Koob sieht den Augenblick kommen, dass kleine und mittlere Privatbanken ohne zusätzliche Standbeine «verstärkt zu Akquisitionsobjekten» werden. «Der Private Banking Markt», so Koob, «ist ein Markt, in dem organisches Wachstum nur selten möglich ist». Sollte die Krise anhalten, könnten sogar Privatkunden Portfolien von größeren Banken auf den Markt kommen, weil sie sich aus Ertragsgründen von diesem Markt verabschieden.
Kein Geschäftsmodell
Der wesentliche Punkt ist, so Koob, dass im Bankenbereich nicht deutlich wird, wofür Luxemburg steht. Es fehle das Luxemburger Geschäftsmosdell. Hoffnung auf einen Private Banking Standort könne man sich nur machen, weil südeuropäische Akteure oder Akteure aus Schwellenländern auf dem Luxemburger Markt auftreten würden. Man könne sich auch Hoffnungen auf den Ausbau der grenzüberschreitenden Kompetenz machen oder neuen Initiativen rund um Family Offices. Aber macht das ein Luxemburger Geschäftsmodell aus?

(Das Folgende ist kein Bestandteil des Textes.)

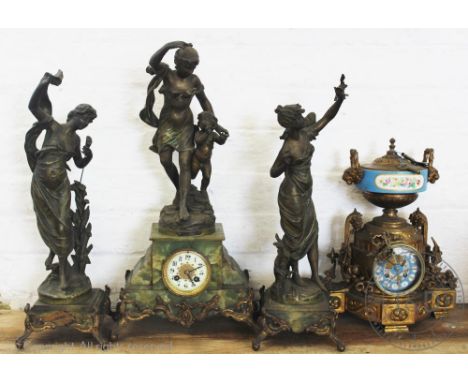 A 19th century gilt spelter and Sevres style porcelain mounted mantel clock, with floral Roman numeral dial, 37cm H, with an 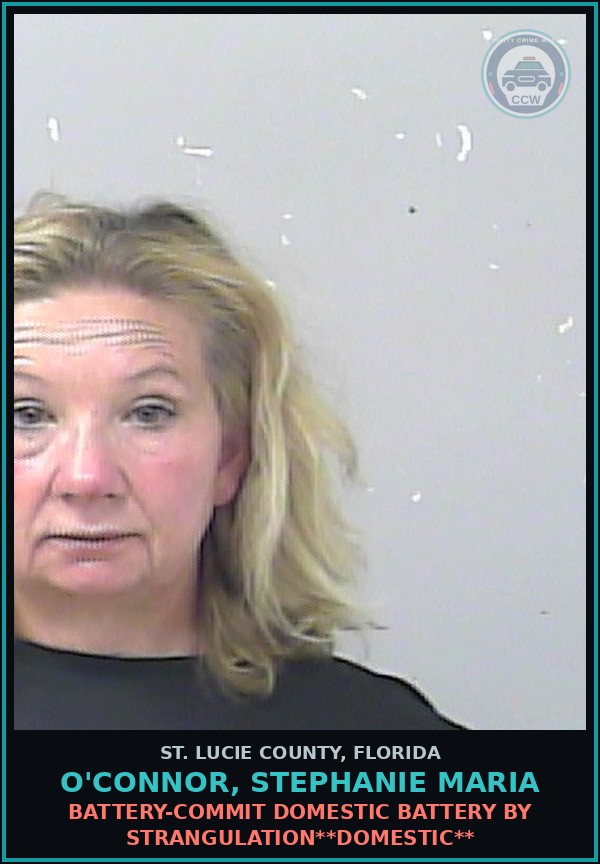 Booking mugshot of O'connor, Stephanie Maria in St. Lucie County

Treiber des Finanzplatzes Luxemburg sind die Banken also nicht. Dafür hat sich die Fondsindustrie entsprechend entwickelt. Das verwaltete Fondsvolumen stieg bis Ende September 2012 auf ein Allzeithoch von 2,3 Billionen Euro an. Allerdings gehen etwa 70 Prozent des Wertzuwachses auf den Anstieg der Börsen zurück.
Strukturelle Schwächen
Hauptwachstumstreiber bei den Fonds sind die Spezialfonds, die mit einem Anteil von drei Prozent am Gesamtvolumen insgesamt aber nur eine untergeordnete Rolle spielen. Das hat damit zu tun, dass die eigentliche Luxemburger Spezialität, die sehr stark regulierten Fonds der UCITS Direktive, abnehmen. Bei den Gesellschaften gibt es Bereinigungen der Fondspaletten, bei den Privatanlegern gibt es Investitionszurückhaltung. Der eigentliche Mittelzufluss kommt daher von den Spezialfonds, die sich an erfahrene und vermögende Anleger wenden.

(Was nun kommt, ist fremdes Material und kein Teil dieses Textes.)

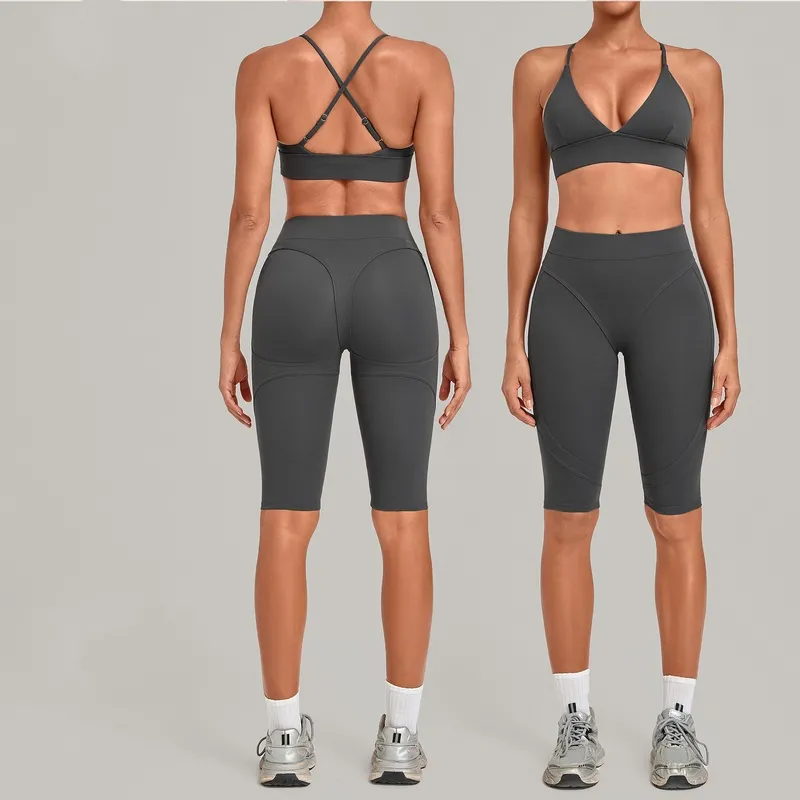 Comfortable Fitness Sexy Backless Set Breathable Yoga Bra Leggings Elastic Waist Woman Yoga Sets FGBQS1358+3729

Walter Koob gilt als ein Mann der in seinen Analysen scharf hinter die Kulisse schaut. So sieht er durchaus strukturelle Schwächen in der Luxemburger Fondsindustrie. In Luxemburg gibt es 180 Kapitalanlagesellschaften und 15 Fondsgesellschaften, die nach unterschiedlichen Gesetzen arbeiten. Mehr als jede dritte dieser Gesellschaften verwaltet ein Vermögen von weniger als 500 Millionen Euro. Steigert man das verwaltete Vermögen auf eine Milliarde Euro, dann erst erreicht man die Hälfte aller Gesellschaften. Nur 13 Prozent der Vermögensverwaltungs- und Anlagegesellschaften im Fondsbereich. Der Markt ist also sehr kleinteilig.
Grenzüberschreitende Fusionen
Auf der französischen Seite gibt es 370 Sicav Fondsgesellschaften, die insgesamt 344 Milliarden Euro anlegen und verwalten. Auch hier sieht Koob Schwierigkeiten. Die Schwierigkeiten sind im Grunde ähnlich wie bei den Banken. Viele Fondsgesellschaften oder auch einfach nur Fonds sind zu klein. Sie werden von den Regulierungskosten im Vergleich zum Anlagevermögen zu stark belastet. Was kommt daher auf den Fondsmarkt in Luxemburg zu? Bereinigung von Fondspaletten, grenzüberschreitende Fusionen, Untersuchungen von Doppelstrukturen, Umwandlungen von bisher selbständigen Fondsgesellschaften in Luxemburg zu Niederlassungen von Mutterhäusern, werden die Folgen sein und auch hier zum Abbau von Arbeitsplätzen führen.